Lentiq is a new data science platform that was specifically designed to work in multiple cloud environments. The deploy sequence is fast and easy regardless of the user's cloud provider. In order to better illustrate this, we made a quick 5-minute tutorial using Amazon Web Services account and set up a data pool on it. See below the detailed how-to article.
In order to use Lentiq, you need an active Amazon Web Services account. You can quickly create an account if you don’t already have one. A valid bank card is required during the registration process, but you will only be billed for the resources that you actually use.
1. Account Prerequisites
After you have logged in into your AWS account, start by creating a new user with programmatic access that will allow Lentiq to provision all services needed for Lentiq into your AWS account.
1. Go to the User Administration menu and click on ‘My Security Credentials’
2. Navigate to ‘Users’ from the left-hand side menu and click ‘Add user’.
3. Complete the AWS add user wizard and make sure you enable Programmatic access:
4. Set permissions for the newly created user and attach existing policies directly that allow AdministratorAccess.
These permissions are needed becauseLentiq provisions a Kubernetes Cluster for each of your data pools and an object storage bucket for each of your projects behind the scenes. These are fully managed and configured by the application. We recommend users accessing these resources from the Lentiq Management interface only.
5. Create user and make sure you save the Access Key ID and Secret access key for this particular user. Download the csv for future use.
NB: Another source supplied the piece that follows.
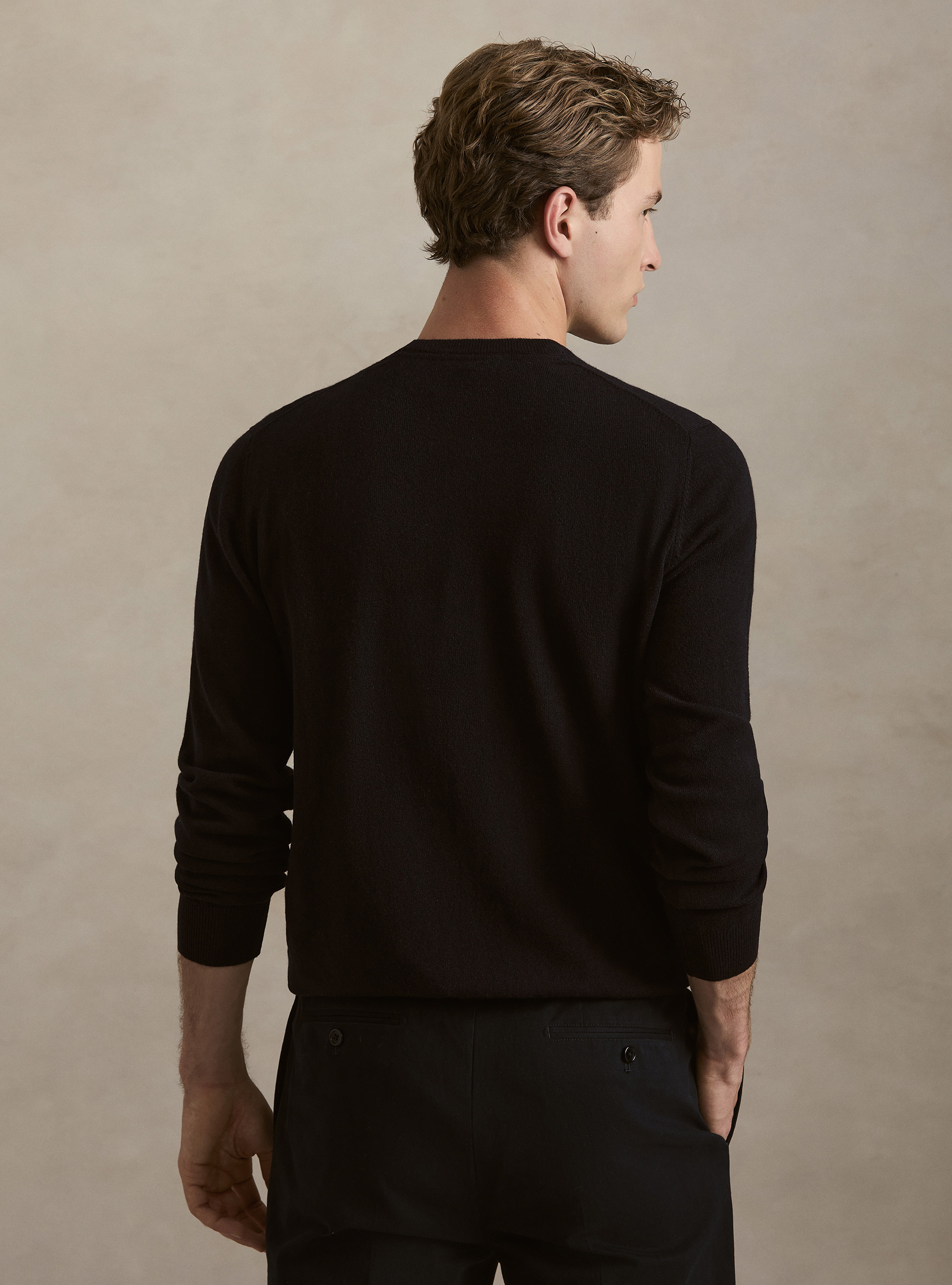 Maglia girocollo in 100% cashmere, BLU NAVY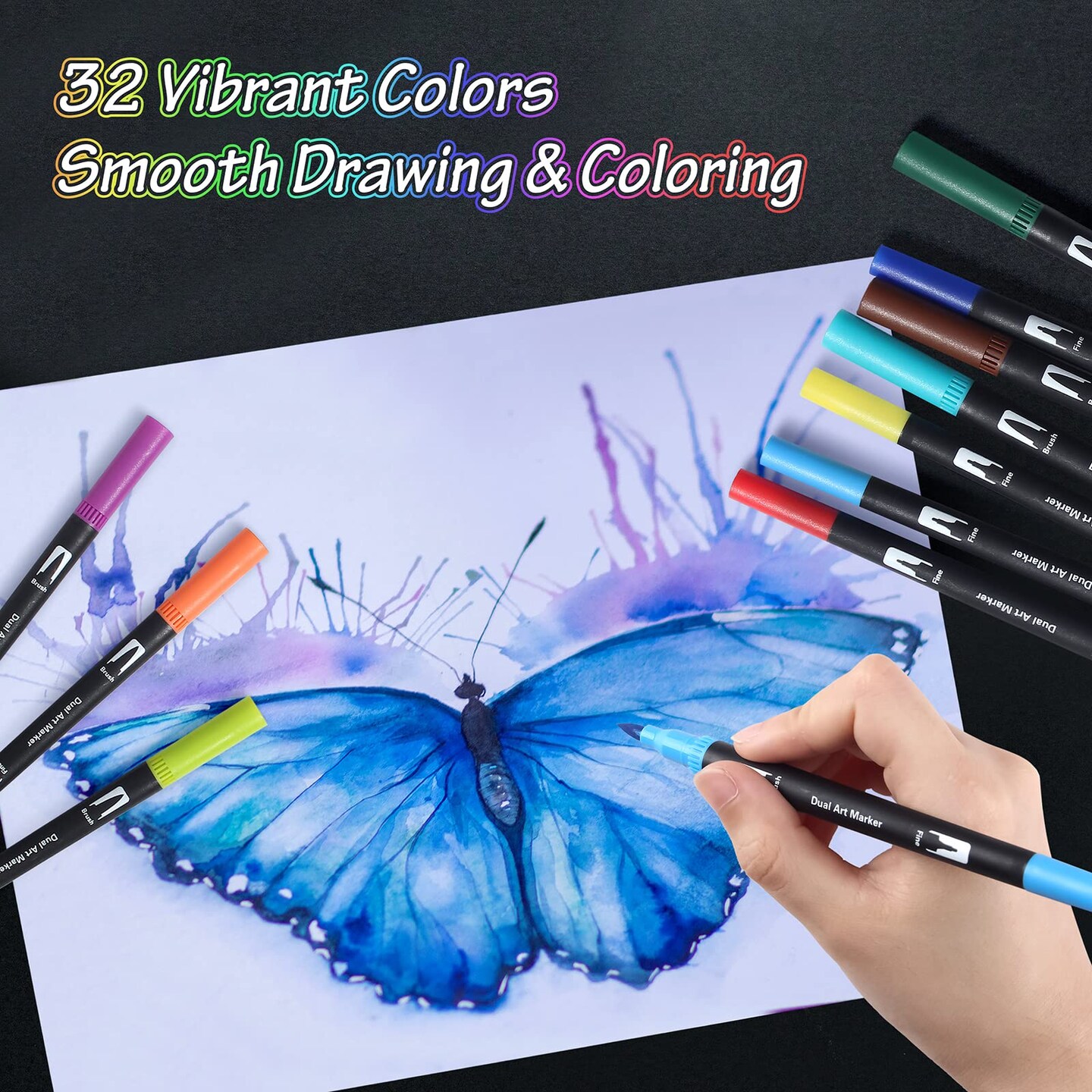 32 Colored Pens Fine Point Highlighter Pen & Brush for Adult Kids Coloring Journaling Note Taking Planner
2. Link Lentiq to your AWS account
In order to create a Lentiq data pool, select Amazon Web Services as the Cloud Provider, choose a region for the server, enter the Access Key ID and the Secret access key.
In the next steps, you will configure the initial Spark cluster and choose the underlying hardware infrastructure.
While a c4.2xlarge machine provides enough resources to deploy Lentiq, the initial Spark cluster and internal processes use 6 CPU cores, so you should provision a larger server if you plan to use additional applications. However, keep in mind that the underlying server remains active and you are billed for it even if no Lentiq applications are running until you delete the data pool, so don’t deploy unnecessary resources that will generate higher costs.
3. Deploy your first Lentiq Data Pool
Setup firewall rules to allow connectivity from your IP addresses, then click on Provision now. After a few minutes, the deploy process is complete.